6月末決算の発表時期がはじまるというタイミングに加えて、週末に開催された日本銀行の金融政策決定会合において何らかの金融緩和政策の「修正」が行われる可能性が懸念されたため、前々週央、週末において社債等の募集が観測されなかった。
前者の要因は昨年も同じであり、1年前の同時期を見ると個人向け社債くらいしかローンチされていない閑散期でもあった。しかし後者は、今年度当初に日銀総裁が交代したこともあって今年の特殊要因と考えて良い。

今回の金融政策決定会合において金融緩和が見直されるかどうかについて、事前の観測報道は酷いものであった。国会での答弁やメディアが報じるエコノミストや運用会社の観測記事に関連して、特に海外系の運用会社が日本国債のショートポジションを積み上げた等も報じられていたが、為替も金利も水準が決定会合の始まる前から、観測を織り込みつつ大きく変動した。特に、会合2日目の朝に日経新聞朝刊が報じた内容は、ほぼ決定会合に執行部が提案した内容のままであり、本来はブラックアウト期間として日銀関係者はメディアに接触することを禁じられている時期である。従来もブラックアウト期間に政府関係筋から情報が流れたという観測の見られたこともあるが、今回の事前報道に関しても、決して褒められるような状況にはなかった。

今回の金融緩和政策の修正は、10年国債金利の変動幅を柔軟に運営することとしたものである。特に、具体的に1.0%での指値オペの実施を明示しており、10年国債利回りが0.5%を上回る水準になることを容認すると明示したのである。これは事前の市場の期待と合致するものであるが、従来の金融緩和政策をレビューした後に具体的な見直しを実施するのでは、遅いという判断なのであろう。なかなか前任者の政策を見直すことのなかった植田執行部も、ようやく重い腰を上げたという理解であり、7月に動いたというある種のサプライズを伴ったものであった。決定内容が発表された後に、円ドルレートは3円程度上下し、株価も大きく値を下げる状況が見られた。

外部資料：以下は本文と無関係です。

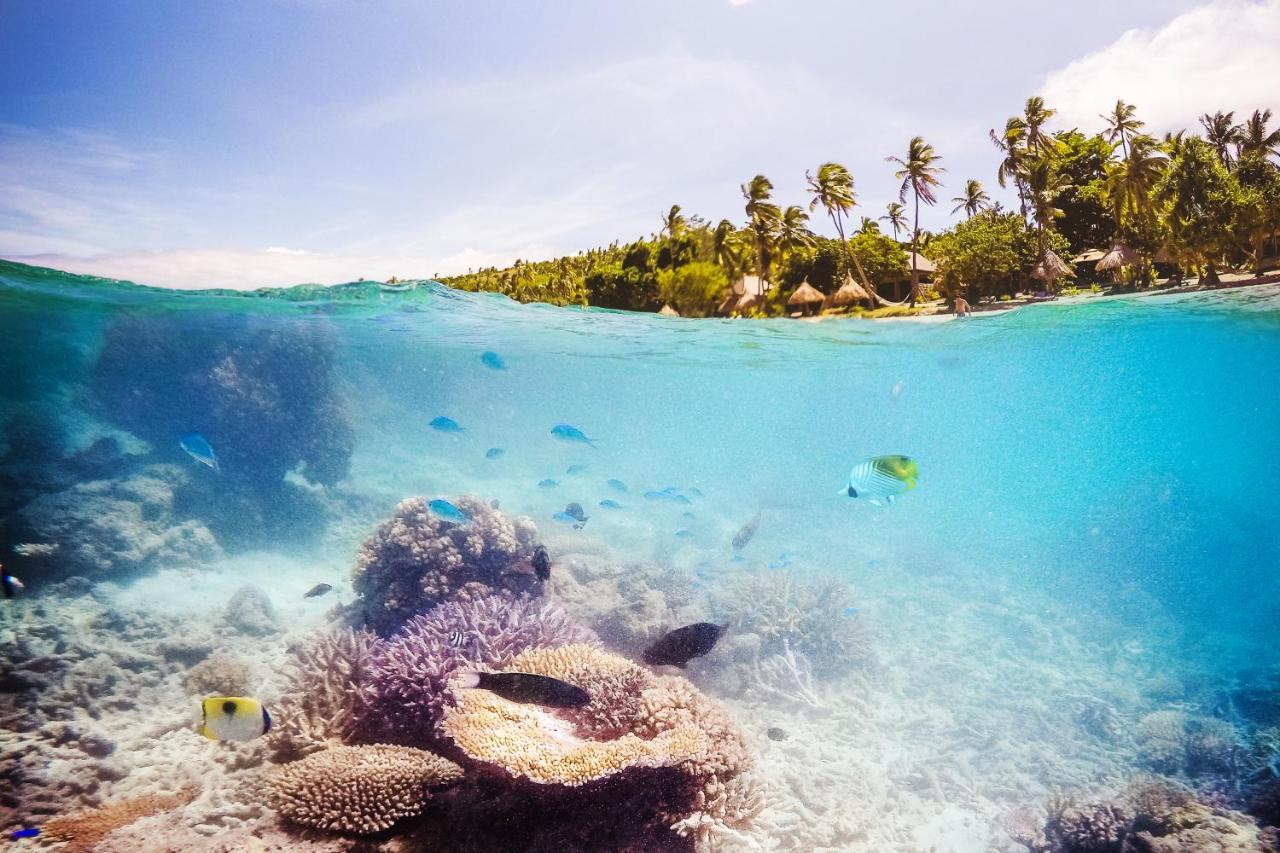 รีสอร์ทพาราไดซ์โคฟ Naukacuvu Island ภายนอก รูปภาพ
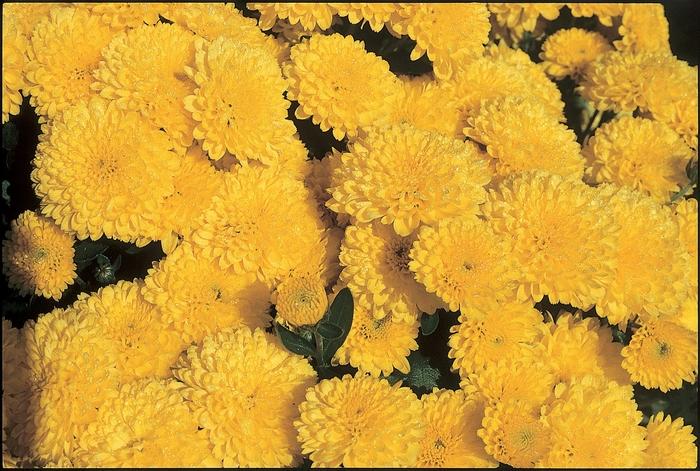 Mum, Yellow Moonglow Yellow - View 9 from www redcrocus com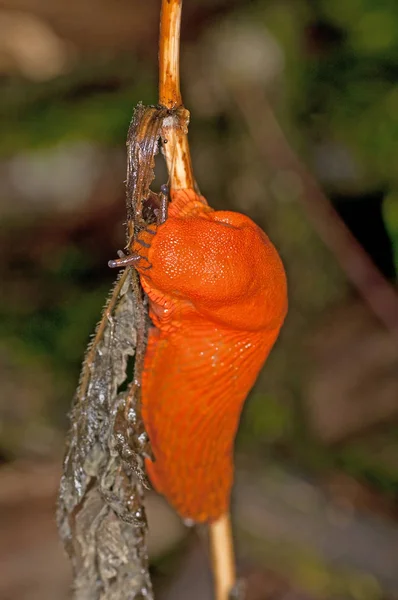 Photo Gros Plan Escargot Dans Nature — Photo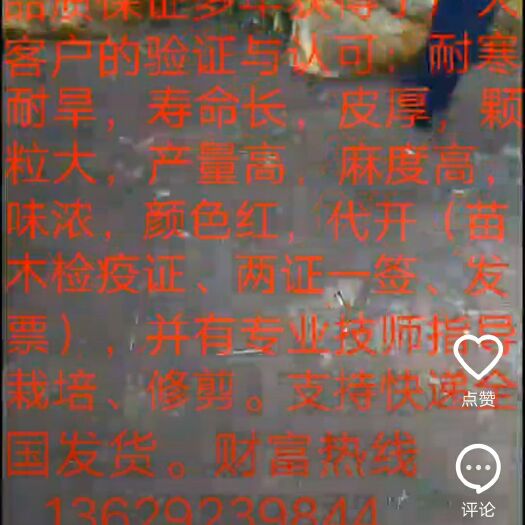 韩城市 无刺高产花椒苗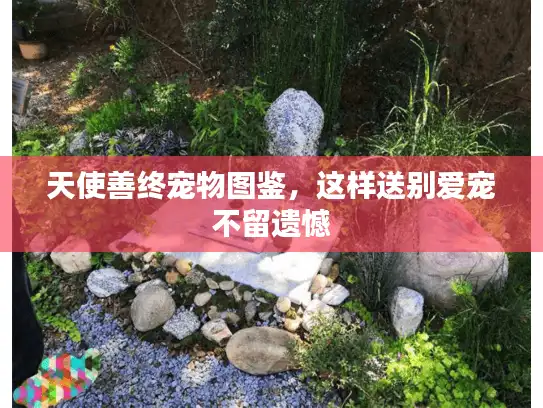 天使善终宠物图鉴,这样送别爱宠不留遗憾 天使善终宠物图鉴,这样送别爱宠不留遗憾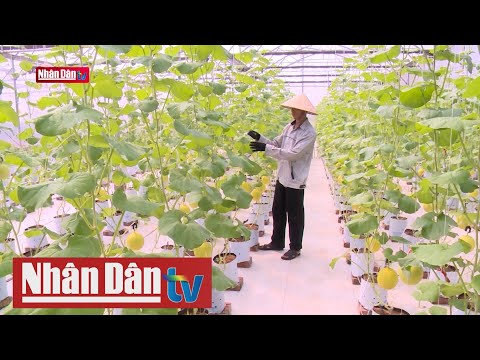 Video Mô hình trang trại thông minh - youtube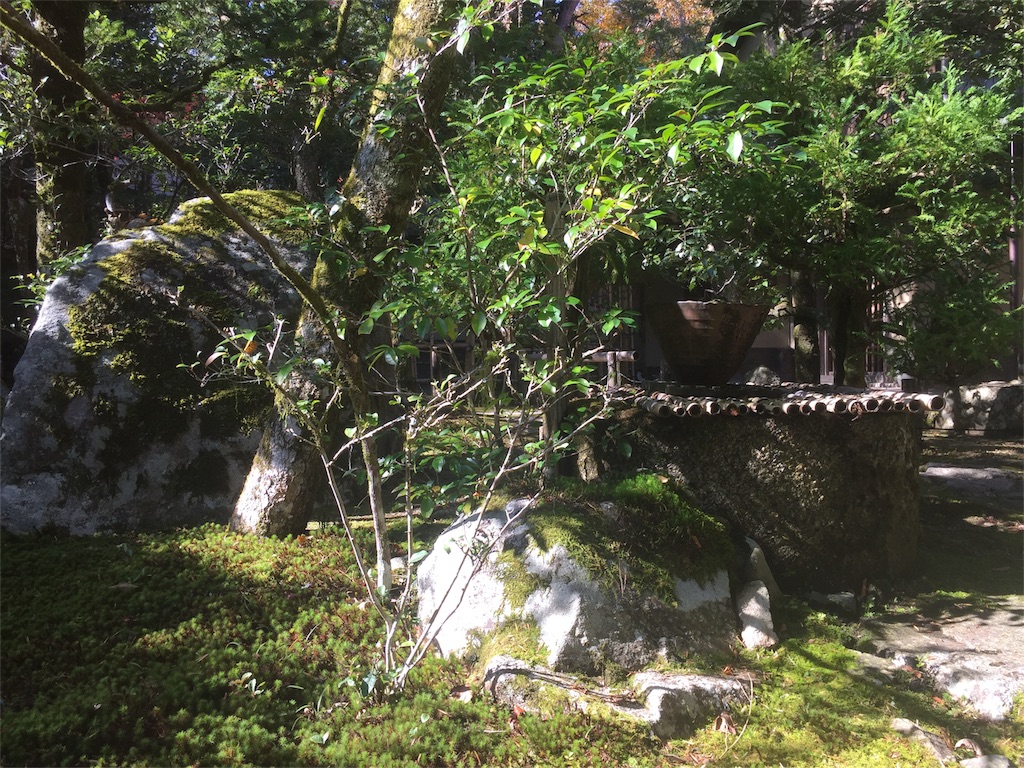 f:id:unitten:20171113203815j:image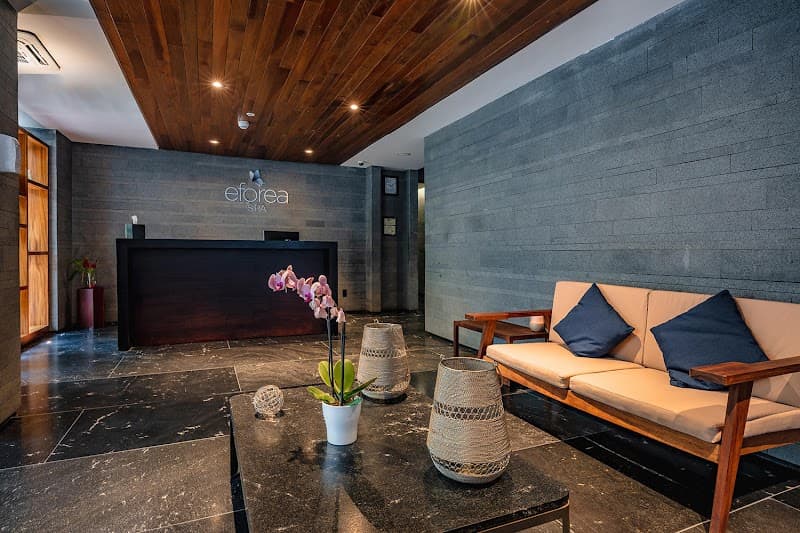 Puerto Vallarta eforea Spa at Hilton Vallarta Riviera photo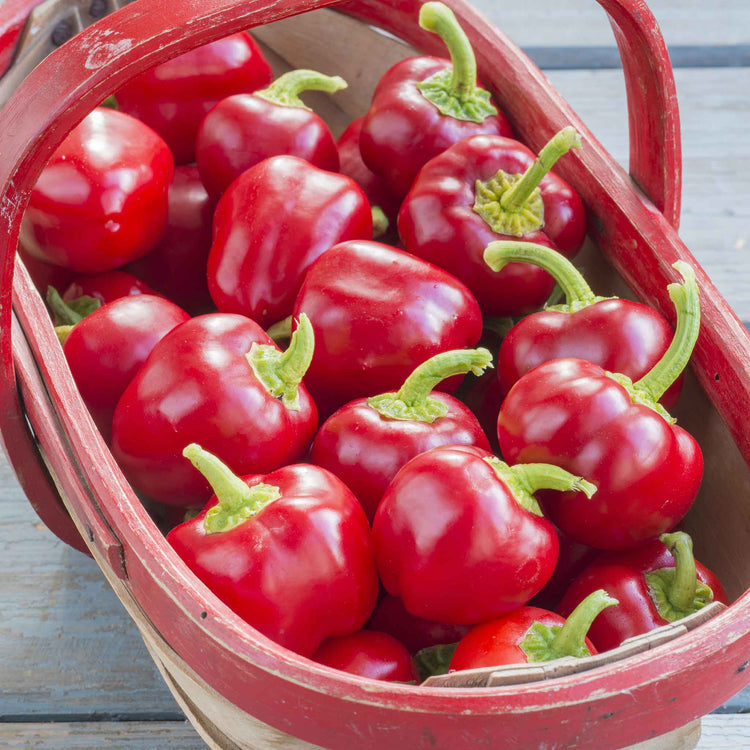 Pepper Seeds 'Sweet Sweetonia Mix'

今回の見直しの直接の影響を受ける10年国債利回りも、金曜の午後に一時0.575%を付けるなど、上昇を見せており、発行体がこの週に条件決定を避けたのは適切な行動であったと思える。無理に金曜の午前中までに条件決定を行っていると、購入者は引けでは既に含み損を抱えるという状況に陥り、発行体や証券会社の評価が下がっていたことだろう。今後の10年国債利回りがどのあたりで落ち着くかは市場に任せることになるが、緩やかにでも1%に向かって動く可能性がある。金利水準のみならず、為替や株価に与える影響を注視すべきであろう。なお、今回も社債オペについては、特に文言の変更は見られず、社債等買入れのスケジュールを見ても月1回で1,000億円程度という規模の変更も見られない。既に、市場の注目は低下しているものと思われるが、必要度が低下した取組みをだらだらと続けるべきではないのではないか。